22 June 2006

Fiscal responsibility

Via MKB, I learn that Garrison Keillor has a nice little rant worth suffering the ad at Salon. It largely concerns a defense of the virtues of my town, but this was my favourite bit:
You might not have always liked Republicans, but you could count on them to manage the bank. They might be lousy tippers, act snooty, talk through their noses, wear spats and splash mud on you as they race their Pierce-Arrows through the village, but you knew they could do the math. To see them produce a ninny and then follow him loyally into the swamp for five years is disconcerting, like seeing the Rolling Stones take up lite jazz.
As I've said before, how did it happen that the Democrats became the party of fiscal responsibility? What's wrong with the world?

The New York Times took a crack at explaining it back during the '04 Presidential campaign.

Democrats and Republicans are engaged in the economic equivalent of Nixon going to China: Republican presidents can get away with utterly irresponsible fiscal policies because there's no one to their right who will make too much trouble for them. Democratic presidents can get away with fiscal austerity because there's no one to their left who will make their life too difficult.
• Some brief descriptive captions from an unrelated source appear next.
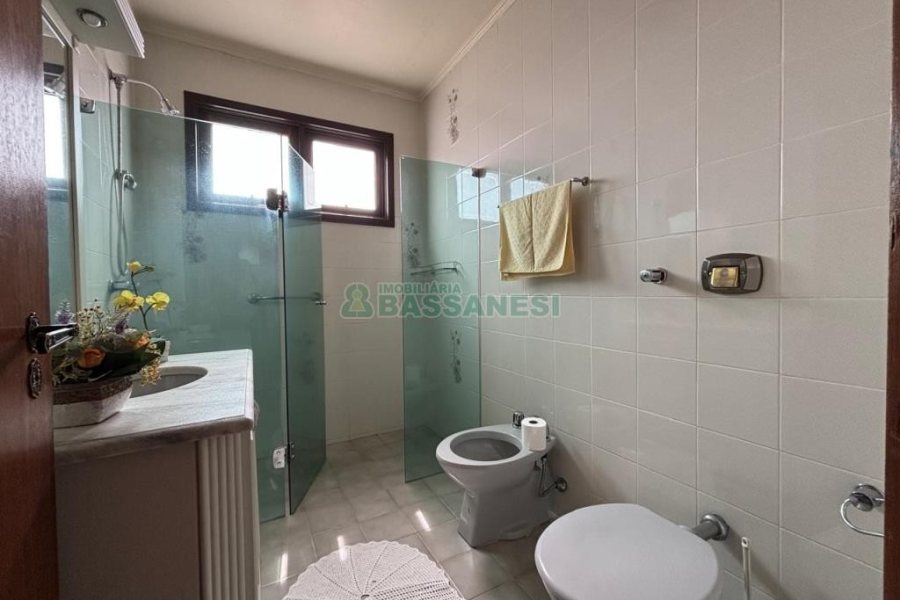 Casa com 383m², 4 dormitórios, 2 vagas, no bairro Bela Vista em Caxias do Sul para Comprar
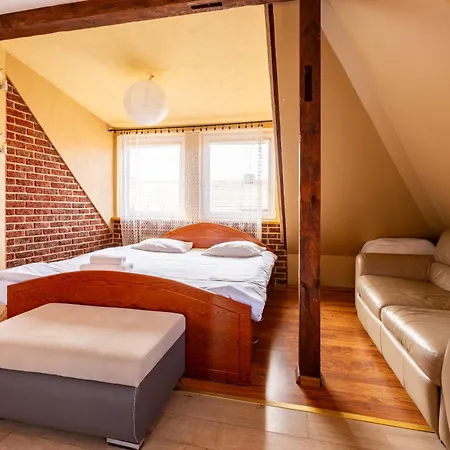 Płowce 24 Guest Spots Gdańsk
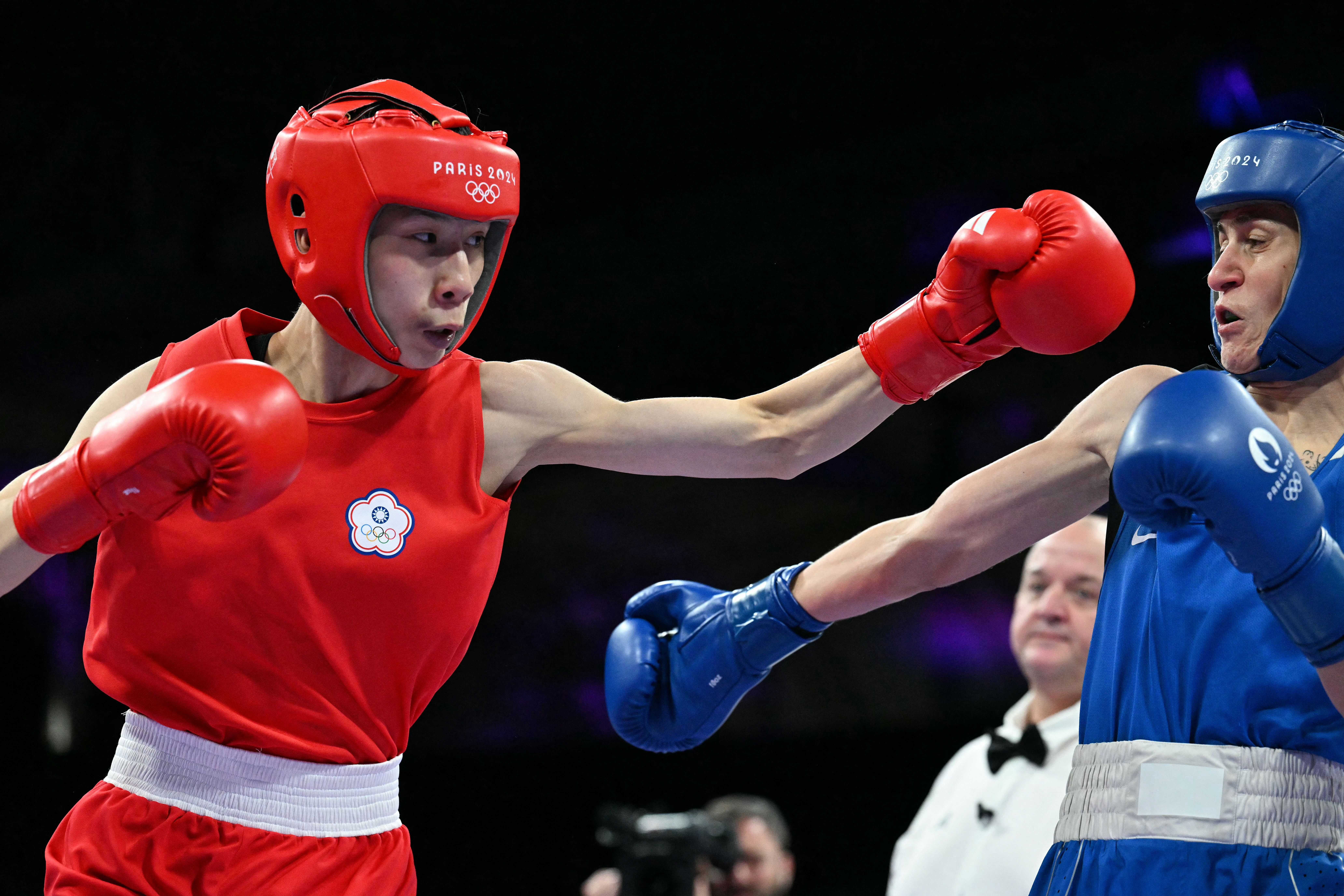 Boxeadora envolvida em polêmica de gênero garante medalha em Paris-2024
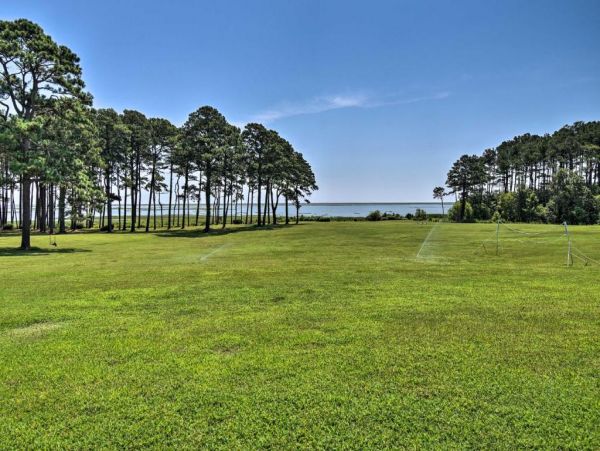 Bay Views Cheriton Vacation Home Six Bedroom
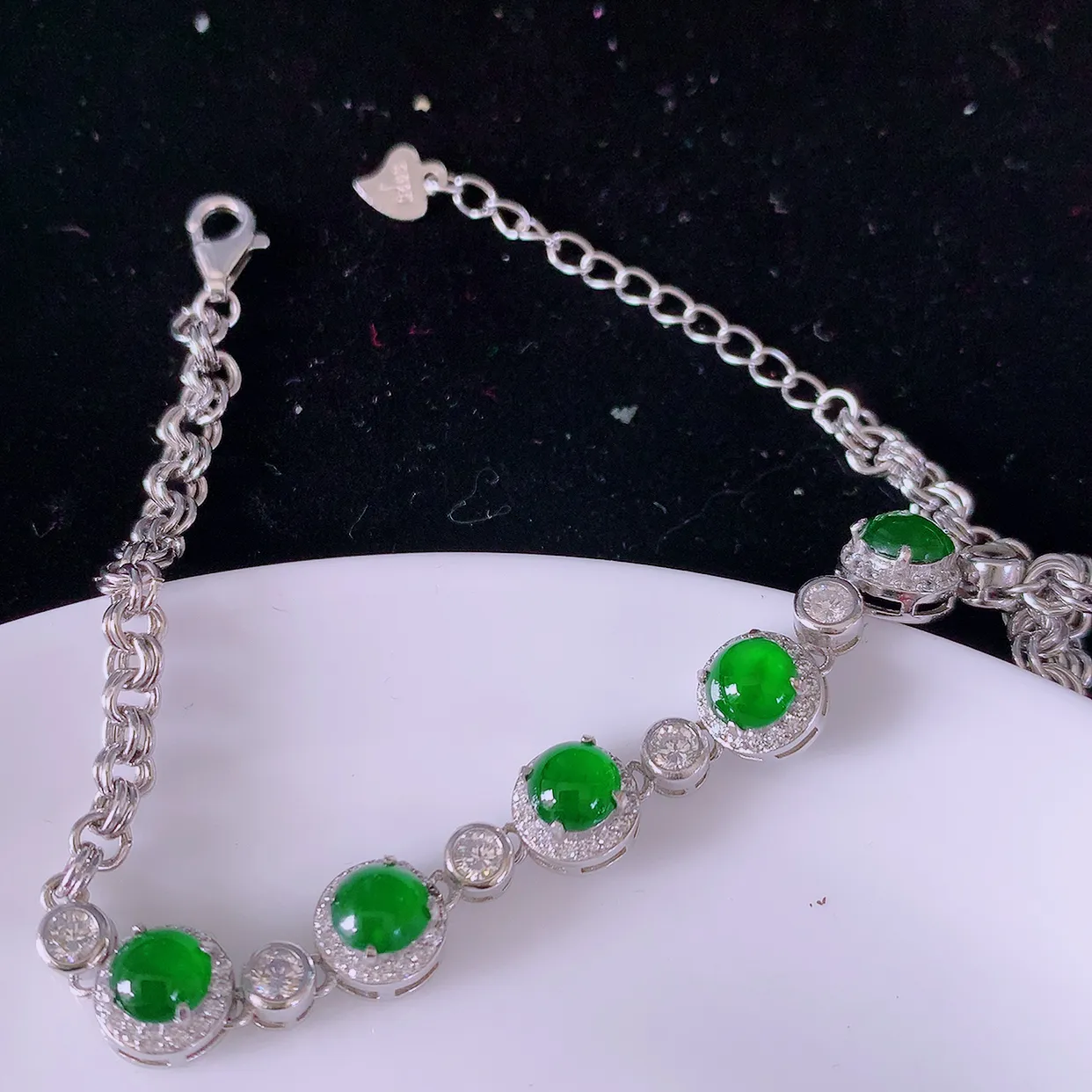 冰透满绿翡翠925银镶嵌手链，自然光实拍，翠色灵动，颜色漂亮，种老水足，品相佳，佩戴佳品！#97.4取一整体7.2*7.2*5.8裸石5*5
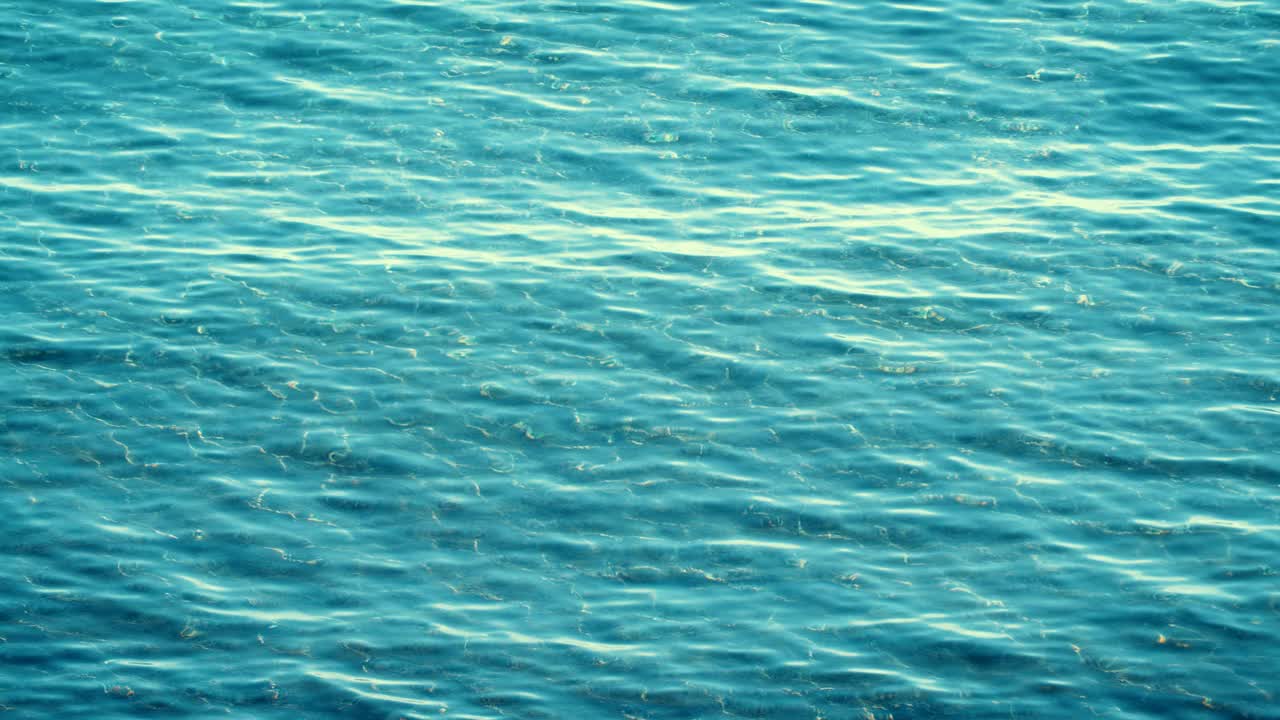 湛蓝清澈的海水为背景视频下载
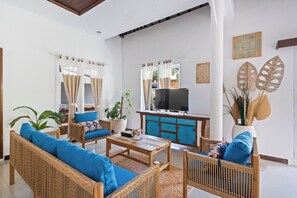 Villa, 3 Bedrooms, Patio, Pool View | Living room | 43-inch Smart TV with satellite channels - Canggu Wave Villa (Canggu)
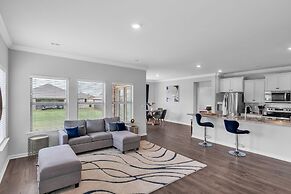 Charming 4br Ranch-style Home Corner Lot 4 Bedroom Home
But the irony should not be missed.
That's half right.

Republicans have a hazy idea that if they bankrupt the government, then it will compel us to do away with all of the expensive things it does which they don't like. Hence Grover Norquist's famous quote about getting government small enough that it could be drowned in a bathtub. All the way back during the Reagan adminstration, David Stockman admitted that bankrupting our way into a smaller government was the plan—he knew that cutting taxes wouldn't really increase revenue, the way that Reagan said it would.